The Power of the Name of Jesus

 •  2 min. read  •  grade level: 11
There was a notorious thief in the south parts of Scotland, about two hundred years ago, called "John of the Score," who for many years had followed that wicked trade. At length he met with a poor man traveling with two horses, which Score took from him. The poor countryman, falling upon his knees, earnestly begged that for Jesus Christ's sake he would give him the one again; for he had no more to maintain his poor family with but what he could get by their labor. But all was in vain, for the thief carried both away to his own home, leaving the poor man in a very desolate condition.
However, not long after, Score became very unhappy and melancholy.

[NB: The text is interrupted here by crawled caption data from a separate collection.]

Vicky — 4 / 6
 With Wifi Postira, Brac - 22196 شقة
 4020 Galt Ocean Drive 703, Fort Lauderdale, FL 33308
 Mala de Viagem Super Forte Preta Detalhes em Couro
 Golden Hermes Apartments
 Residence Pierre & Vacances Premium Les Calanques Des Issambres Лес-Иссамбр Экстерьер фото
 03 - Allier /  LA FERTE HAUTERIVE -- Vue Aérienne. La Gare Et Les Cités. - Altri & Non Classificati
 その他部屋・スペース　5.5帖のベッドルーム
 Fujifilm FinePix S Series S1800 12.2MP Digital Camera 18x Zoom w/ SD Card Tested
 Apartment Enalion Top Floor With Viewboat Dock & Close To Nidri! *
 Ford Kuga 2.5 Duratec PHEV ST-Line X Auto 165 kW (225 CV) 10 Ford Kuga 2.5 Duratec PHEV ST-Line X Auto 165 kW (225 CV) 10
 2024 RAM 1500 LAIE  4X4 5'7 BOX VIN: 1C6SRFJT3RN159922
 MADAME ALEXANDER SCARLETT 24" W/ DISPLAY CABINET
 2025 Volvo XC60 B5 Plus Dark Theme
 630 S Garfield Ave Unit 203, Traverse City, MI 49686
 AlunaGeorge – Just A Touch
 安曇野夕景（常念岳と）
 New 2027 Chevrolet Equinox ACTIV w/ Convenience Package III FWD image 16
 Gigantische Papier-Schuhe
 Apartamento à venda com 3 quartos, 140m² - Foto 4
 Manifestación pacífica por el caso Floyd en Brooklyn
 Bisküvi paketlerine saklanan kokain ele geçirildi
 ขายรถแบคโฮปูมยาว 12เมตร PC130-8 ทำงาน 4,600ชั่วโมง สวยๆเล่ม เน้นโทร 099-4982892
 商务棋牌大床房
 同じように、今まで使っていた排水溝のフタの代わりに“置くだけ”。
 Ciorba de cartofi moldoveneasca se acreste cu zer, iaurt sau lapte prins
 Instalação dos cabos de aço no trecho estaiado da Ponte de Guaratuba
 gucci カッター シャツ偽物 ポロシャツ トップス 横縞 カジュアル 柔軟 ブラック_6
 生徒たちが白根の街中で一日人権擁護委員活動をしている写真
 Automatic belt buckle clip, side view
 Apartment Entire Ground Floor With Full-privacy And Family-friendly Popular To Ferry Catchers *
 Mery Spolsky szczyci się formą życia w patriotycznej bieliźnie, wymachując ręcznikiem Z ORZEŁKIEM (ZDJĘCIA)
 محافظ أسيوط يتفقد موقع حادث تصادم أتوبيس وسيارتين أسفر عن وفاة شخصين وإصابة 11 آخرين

He could get no rest nor quiet, yet he knew not the cause, only he professed that the words which the poor man spoke (though he was so great an atheist that he understood not what he meant when he spoke of Christ,) lay like a great weight upon his spirit.
When he was sought after for his robberies, he bade his sons to shift out of the way; but for himself he could not fly, there being a restraint upon him, and something within him that bound him from going out of the way. He stayed in his house till he was apprehended, and brought up to Edinburgh, and there put in prison.
While he was there a godly preacher, Mr. Henry Blith, and a Christian gentleman, William Cunningham, tutor of Boniton, who had known him, paid him a visit. They brought before him his miserable estate, and the danger that his soul was in (for he was condemned by the law to die), pressing upon him the necessity of flying to Jesus Christ. Whereupon he suddenly cried out, "Oh, what word is that? for it has been my death: that's the word that has lain upon my heart, ever since the poor man spoke it to me, so that from that time I had no power to shift out of the way." Afterward, being told who Jesus Christ was, without whom he could not be saved, he cried, "Oh, will He ever look at me, and show me mercy, who for His sake would not show mercy to that poor man, and give him back his horse?" Yet, after further instruction, a real and glorious change appeared in him, and he gave most convincing evidences of the reality of salvation. He attained to great assurance before his death, and upon the scaffold, in the public street, where he was executed, spoke so wonderfully of the Lord's dealing with him, and that with such knowledge and judgment, as left a conviction upon all present that he had been truly saved by the grace of God.